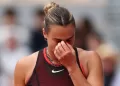 French Open rocked by shock exits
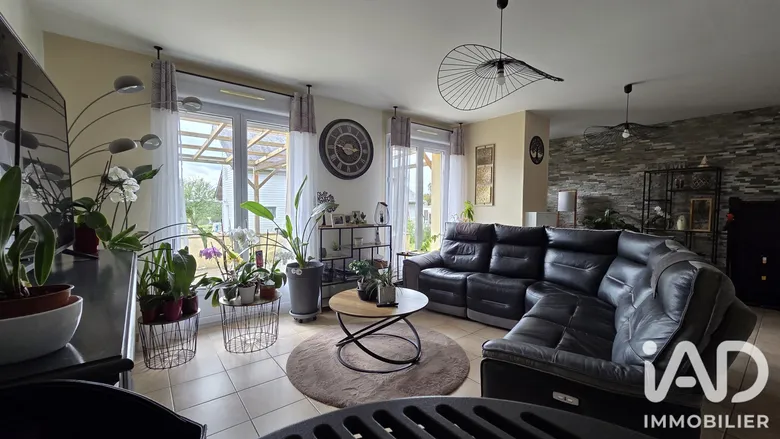 Maison 4 pièces 103 m² · à Candé · 103 m² · 185 400 €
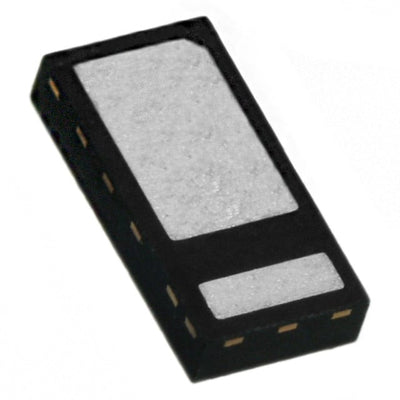 TBU-KE050-100-WH by Bourns Inc. - SURGE SUPP TBU 100MA 500V SMD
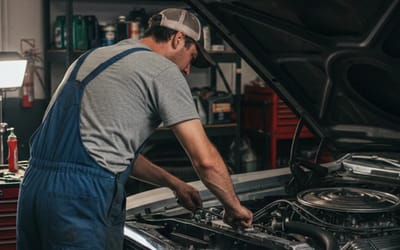 Specific engine noise means your car could be about to cost you thousands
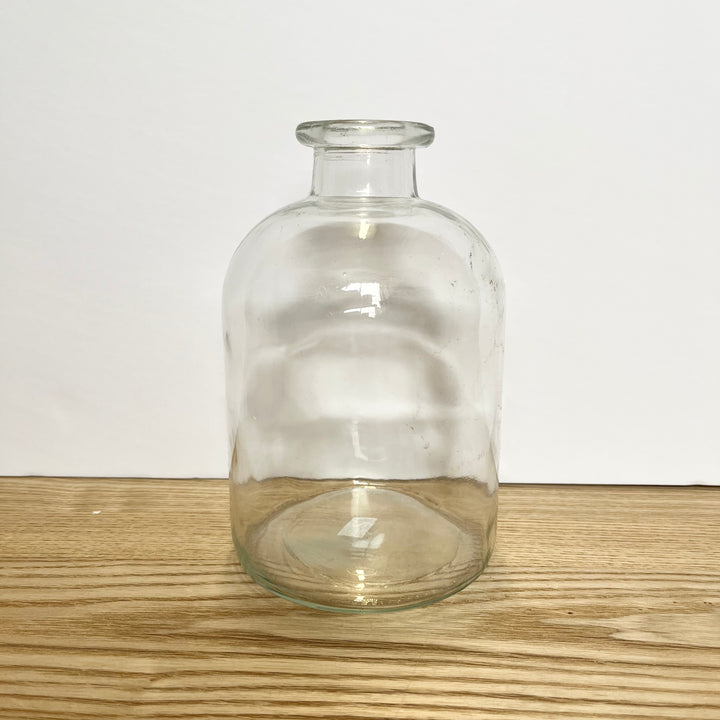 Apothecary Bottles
* * *
> [Task brief] Give again the lines from the line that contains "Specific engine noise" through the last line of the material above, exactly and with both ends included. Omit the pictures.

> [Task solution]
 Specific engine noise means your car could be about to cost you thousands
 Apothecary Bottles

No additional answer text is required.